* **What you have to do**
Repeat exactly, and only, the lines below starting at the line that contains "Buy & Sell Merseyside" and ending at the line that contains "used 2024 Cadillac", inclusive of both.

* **Exercise material**
• • • • •
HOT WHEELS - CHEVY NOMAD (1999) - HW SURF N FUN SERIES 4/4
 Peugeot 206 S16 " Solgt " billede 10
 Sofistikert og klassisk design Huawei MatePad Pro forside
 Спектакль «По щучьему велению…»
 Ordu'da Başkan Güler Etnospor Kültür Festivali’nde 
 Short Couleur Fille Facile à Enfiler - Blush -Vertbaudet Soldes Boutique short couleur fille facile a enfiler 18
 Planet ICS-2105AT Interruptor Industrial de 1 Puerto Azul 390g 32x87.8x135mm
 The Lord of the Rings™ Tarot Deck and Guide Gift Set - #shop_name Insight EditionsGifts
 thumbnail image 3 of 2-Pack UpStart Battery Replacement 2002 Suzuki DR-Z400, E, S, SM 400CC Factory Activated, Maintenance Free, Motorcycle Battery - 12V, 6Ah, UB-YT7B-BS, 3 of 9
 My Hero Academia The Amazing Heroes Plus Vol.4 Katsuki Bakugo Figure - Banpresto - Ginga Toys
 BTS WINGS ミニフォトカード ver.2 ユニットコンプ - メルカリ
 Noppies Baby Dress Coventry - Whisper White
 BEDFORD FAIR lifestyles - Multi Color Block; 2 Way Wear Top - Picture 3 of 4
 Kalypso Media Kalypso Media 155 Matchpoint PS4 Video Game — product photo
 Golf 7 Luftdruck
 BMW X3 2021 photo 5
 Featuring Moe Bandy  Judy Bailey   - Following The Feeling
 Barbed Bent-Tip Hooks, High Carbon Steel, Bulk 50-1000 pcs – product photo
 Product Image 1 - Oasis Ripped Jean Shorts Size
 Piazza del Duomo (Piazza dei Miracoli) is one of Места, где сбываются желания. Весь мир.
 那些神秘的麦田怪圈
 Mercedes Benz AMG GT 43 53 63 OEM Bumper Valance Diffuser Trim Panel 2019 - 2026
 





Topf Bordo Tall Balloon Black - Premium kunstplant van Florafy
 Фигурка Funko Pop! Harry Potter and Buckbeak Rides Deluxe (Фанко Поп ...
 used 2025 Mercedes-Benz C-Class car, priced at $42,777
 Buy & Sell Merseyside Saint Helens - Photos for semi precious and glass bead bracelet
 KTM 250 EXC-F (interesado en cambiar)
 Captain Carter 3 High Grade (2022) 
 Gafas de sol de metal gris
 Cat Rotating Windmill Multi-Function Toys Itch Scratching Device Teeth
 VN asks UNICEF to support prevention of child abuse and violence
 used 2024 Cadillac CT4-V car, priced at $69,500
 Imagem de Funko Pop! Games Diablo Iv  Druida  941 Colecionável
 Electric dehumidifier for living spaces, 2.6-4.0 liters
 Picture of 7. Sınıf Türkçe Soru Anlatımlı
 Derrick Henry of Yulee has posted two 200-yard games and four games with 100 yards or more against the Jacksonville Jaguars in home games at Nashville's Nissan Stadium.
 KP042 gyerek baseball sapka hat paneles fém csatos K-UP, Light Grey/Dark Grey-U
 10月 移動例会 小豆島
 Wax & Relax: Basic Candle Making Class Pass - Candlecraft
• • • • •
* **Exercise answer**
 Buy & Sell Merseyside Saint Helens - Photos for semi precious and glass bead bracelet
 KTM 250 EXC-F (interesado en cambiar)
 Captain Carter 3 High Grade (2022) 
 Gafas de sol de metal gris
 Cat Rotating Windmill Multi-Function Toys Itch Scratching Device Teeth
 VN asks UNICEF to support prevention of child abuse and violence
 used 2024 Cadillac CT4-V car, priced at $69,500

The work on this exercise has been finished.